___ Record set ___

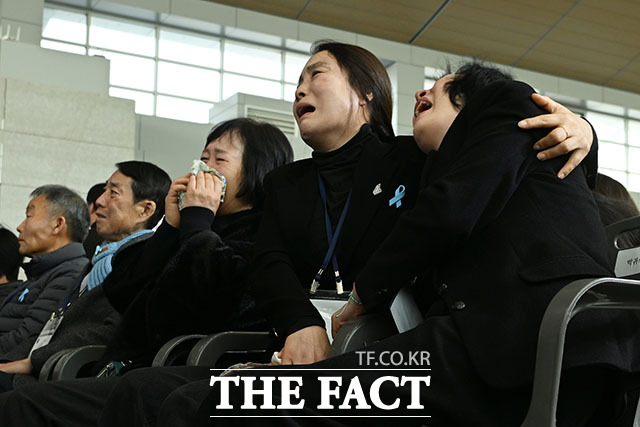 '제주항공 참사 1주기 추모식 엄수'…오열하는 유가족들. /사진공동취재단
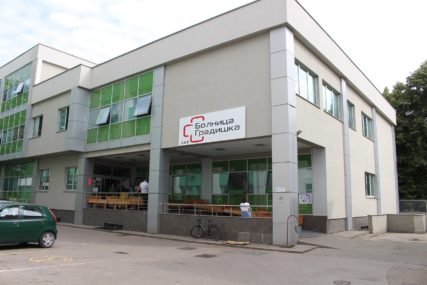 Poklon iz Novog Sada za Bolnicu Gradiška: Oprema vrijedna 60.000 evra namijenjena Odjelu pulmologije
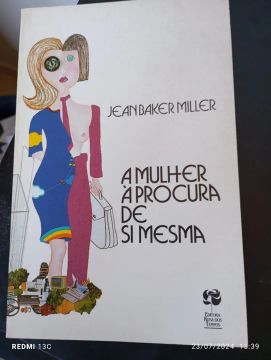 A mulher a procura de si mesma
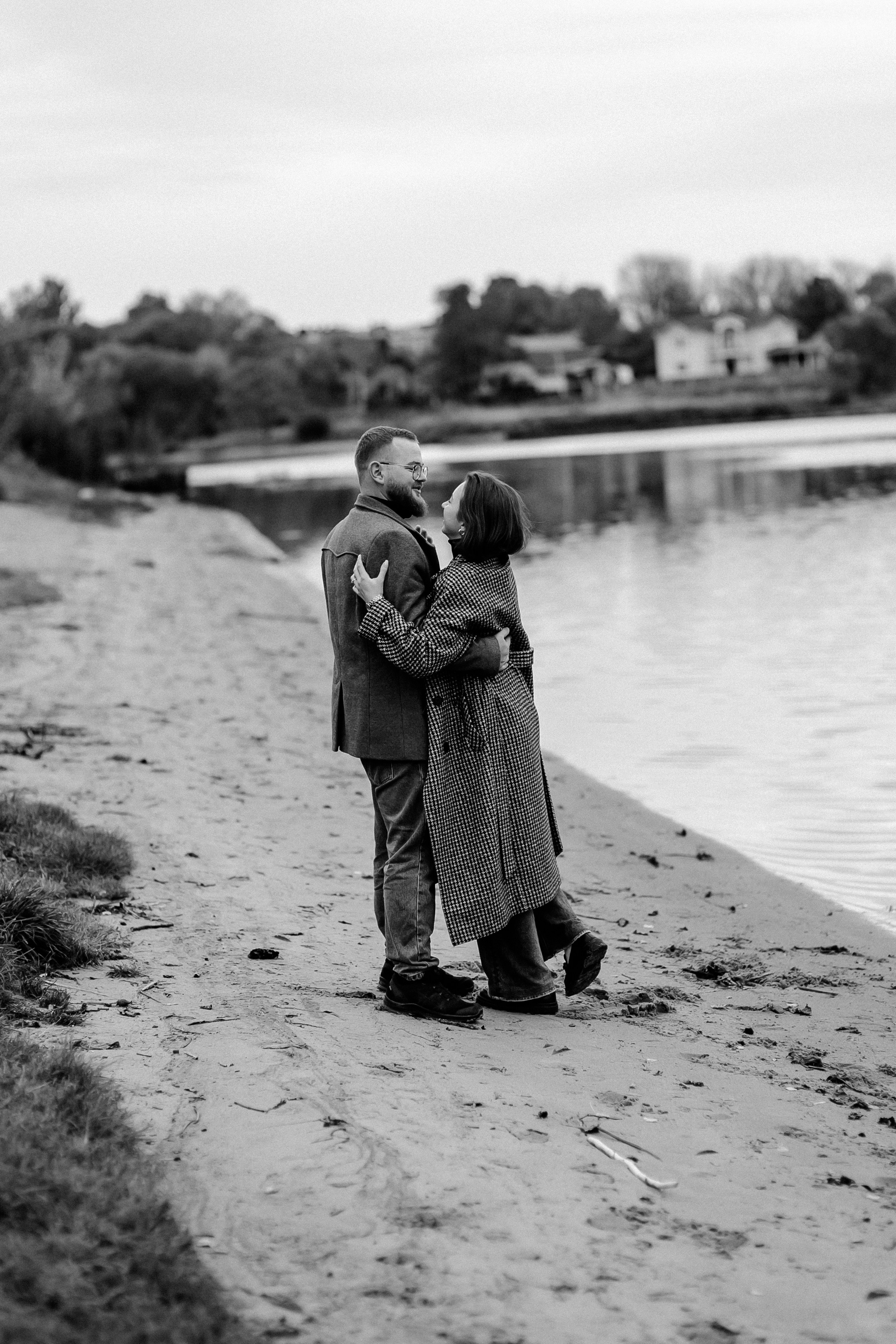 Фотосессия влюбленных осенью в городе. Свадебный и репортажный фотограф в Ярославле и Санкт-Петербурге Роман Микрюков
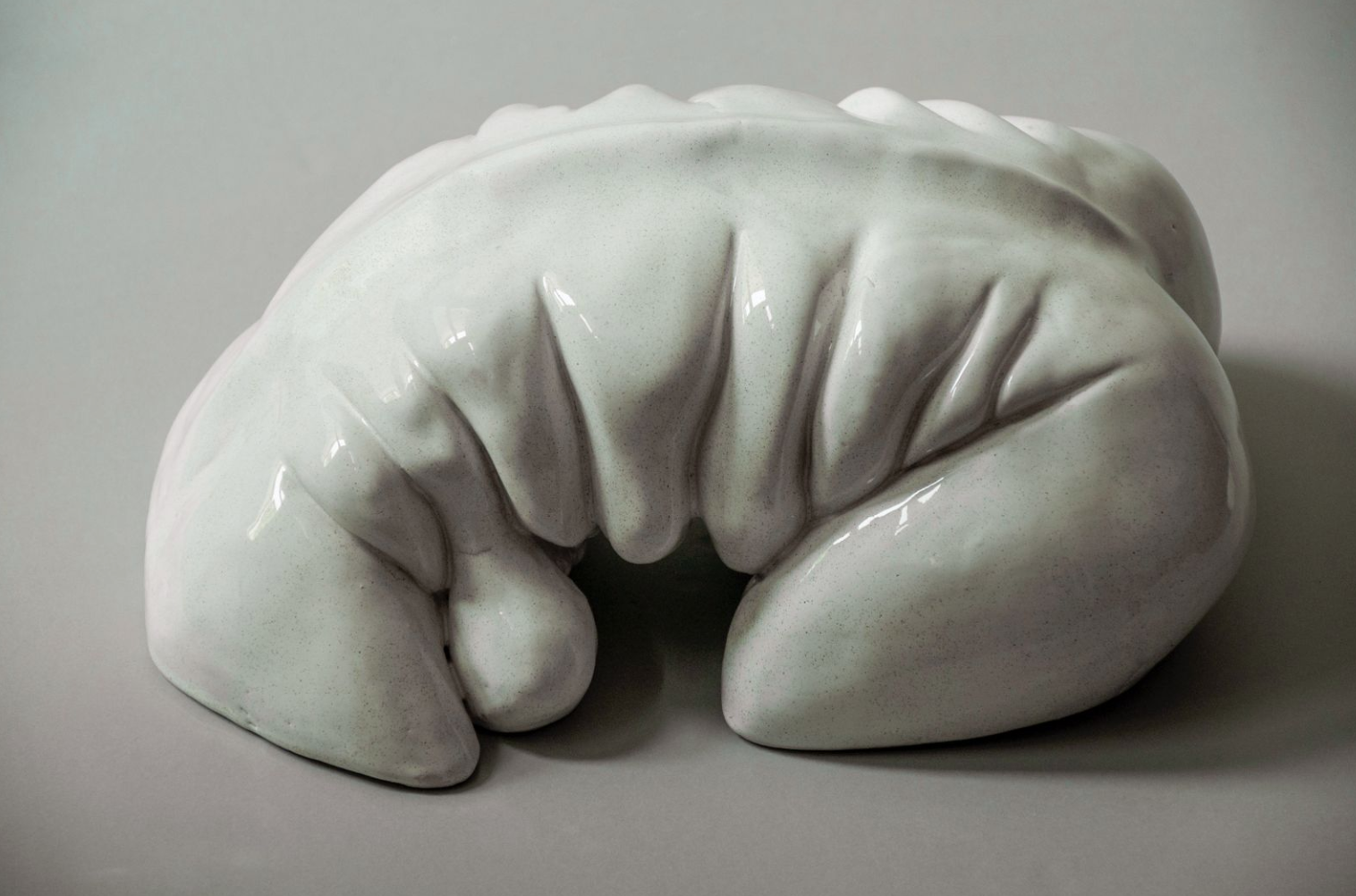 Ceramic sculpture by Homa Ebrahimpour, 2023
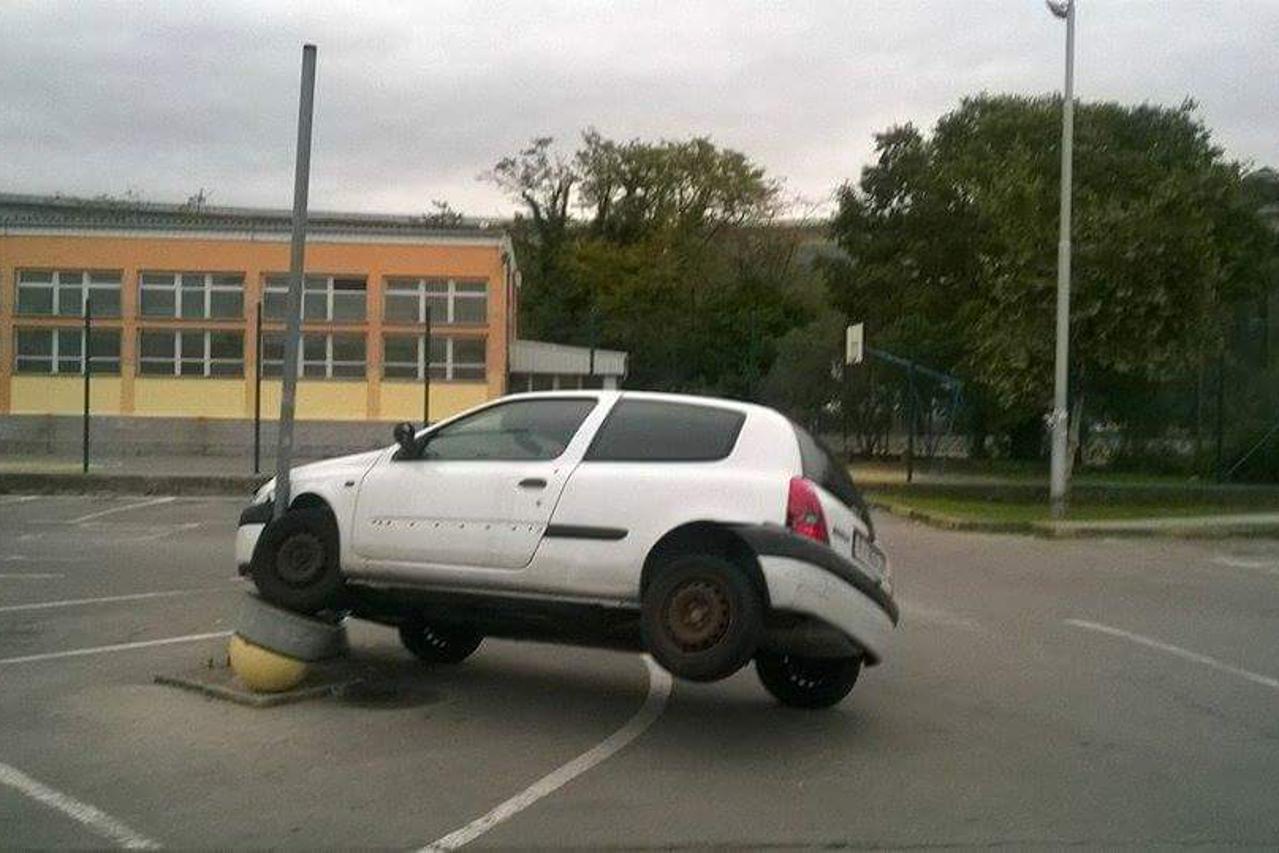 Parkiranje na stup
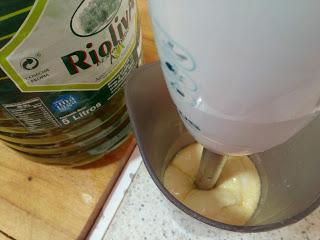 HUEVOS DE CODORNIZ CON MAYONESA Y POPURRI DE PIMIENTAS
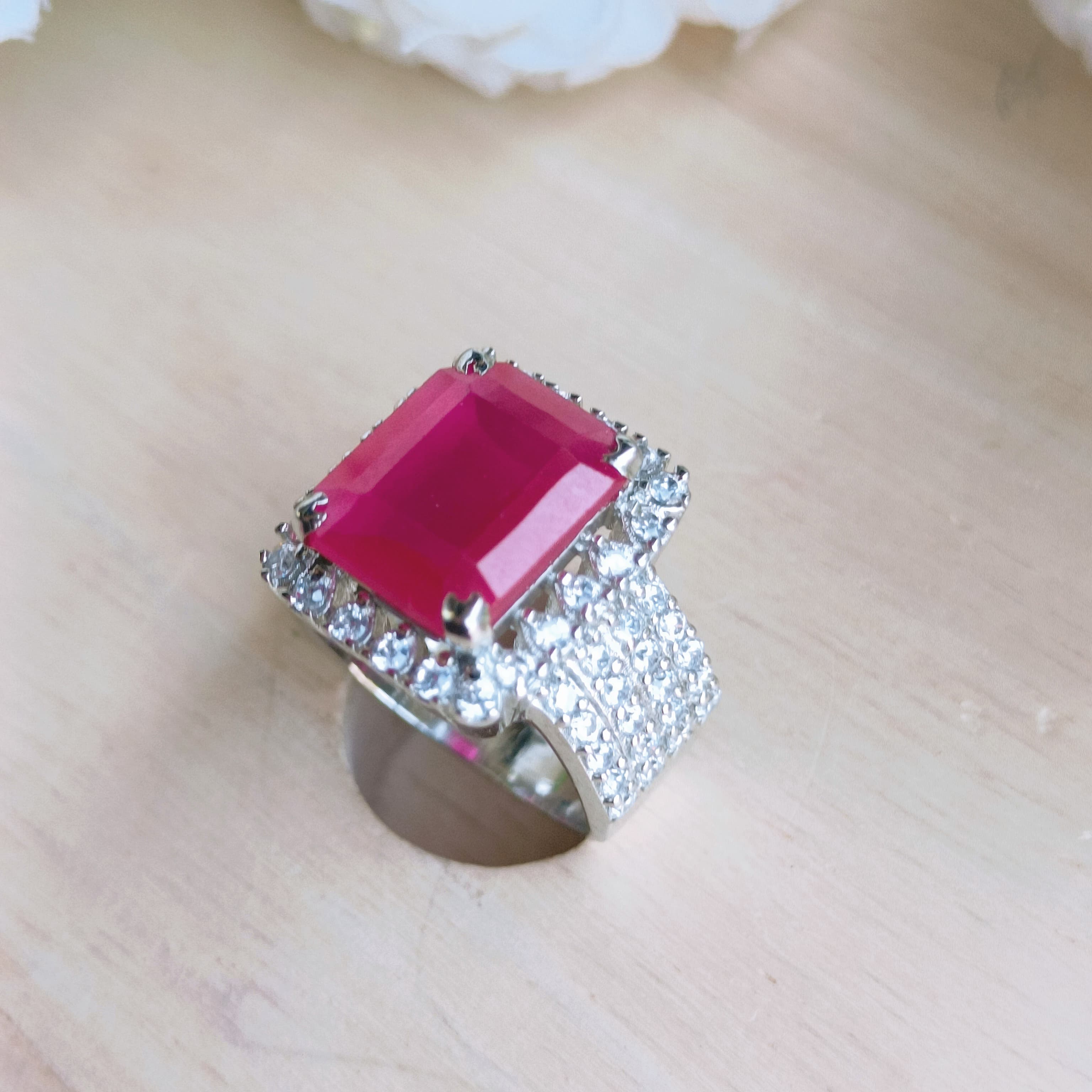 VS Sterling Silver Cocktail Ring 089
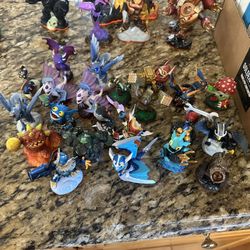 Skylanders Figures + Cases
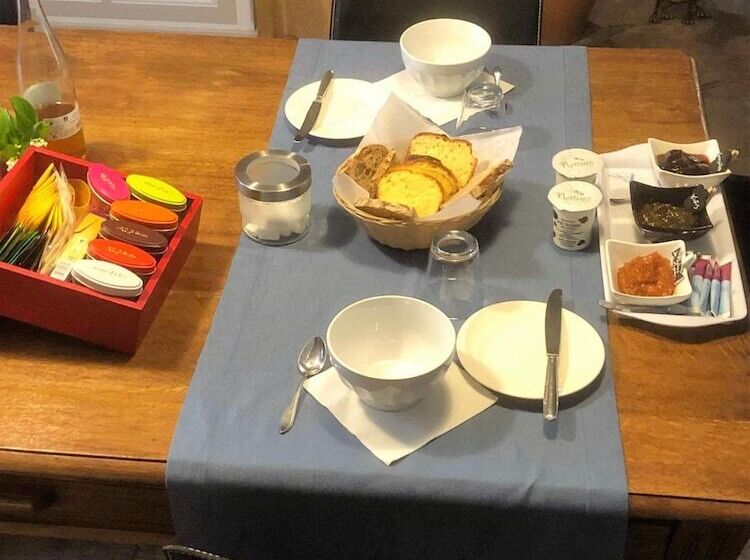 ベッドアンドブレックファースト L Embellie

___

### Exercise aim
Omitting all pictures, restate word for word the lines from the one containing "HUEVOS DE CODORNIZ" through the last line of the data.

### Task result
 HUEVOS DE CODORNIZ CON MAYONESA Y POPURRI DE PIMIENTAS
 VS Sterling Silver Cocktail Ring 089
 Skylanders Figures + Cases
 ベッドアンドブレックファースト L Embellie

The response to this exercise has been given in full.